白石大使の活動報告コメント:「新聞よ、再び立ち上がれ」

令和4年4月13日
大使による講演
講演会の様子
4月1日、チューリッヒ大学主催の「日本講演シリーズ」が始まり、そのオープニングを兼ねた第一回目の記念講演を同大学で行いました。

このシリーズは、知日派のケラハルス同大学欧州研究所長とシュワルツネッガー副学長が中心になって企画したものです。スイスで関心が高まっている日本を多角的に分析するため、多方面から日本人講師を招いて、大学の学生、関係者だけではなく一般市民にも開かれた講演会を重ねる予定です。

講演会場は大学の講堂です。ここは200人ほどを収容する大教室で、学外から要人が大学を訪れた際に記念講演の会場として利用されてきました。

実は、1946年9月、ヨーロッパでの戦争が終わったほぼ1年半後になりますが、当時、選挙に敗北して英国首相の座を退いていたウィンストン・チャーチルがこの講堂で記念講演をしています。

その際、チャーチルはヨーロッパが第2次世界大戦の悲劇から立ち直るためには、フランスとドイツの連携が不可欠だと指摘し、アメリカ合衆国にちなんで、両国を中心にした「ヨーロッパ合州国」を構築すべきだと強調しました。彼の提唱がEU(欧州連合)として実現したことを考えると、その先見性に脱帽せざるを得ません。

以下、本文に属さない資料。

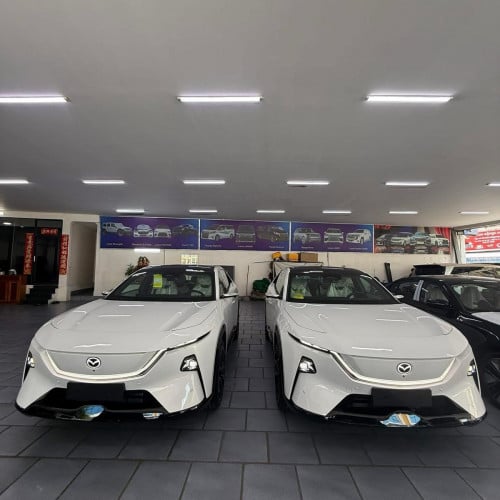 Mazda EZ60 EV Option : Max Full Option 2025 មានច្រើនគ្រឿងក្នុងស្តុក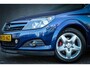 Opel Astra GTC 1.8 Sport Net binnen; Jouw droomauto?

チューリッヒ大学での講演で、チャーチルは「今日はヨーロッパの悲劇について話したい」と語り始め、、「ヨーロッパよ、再び立ち上がれ」と結んでいます。

チャーチルが演説した1946年9月に、私は地球の反対側の日本で生まれました。偶然の一致ですが、チャーチルが立った演台を共有できる光栄に感謝しつつ、チャーチルの演説から冒頭部分を引用して話し始めることにしました。

日本の新聞界の現状と課題を紹介してほしいという大学側の要望で、「日本の新聞は、恐竜のように死に絶えてしまうのか」というタイトルにして、デジタル化の時代に紙の新聞は存続できるのか、の疑問に答えることにしました。30分ほどの講演です。

私は、チャーチルの演説を借りて、「今日はヨーロッパの悲劇ではなく、新聞の悲劇についてお話ししたい」と切り出しました。続けて現在、ヨーロッパで起きているウクライナの悲劇を取上げ、ロシアの侵略と残虐な戦争犯罪を非難しました。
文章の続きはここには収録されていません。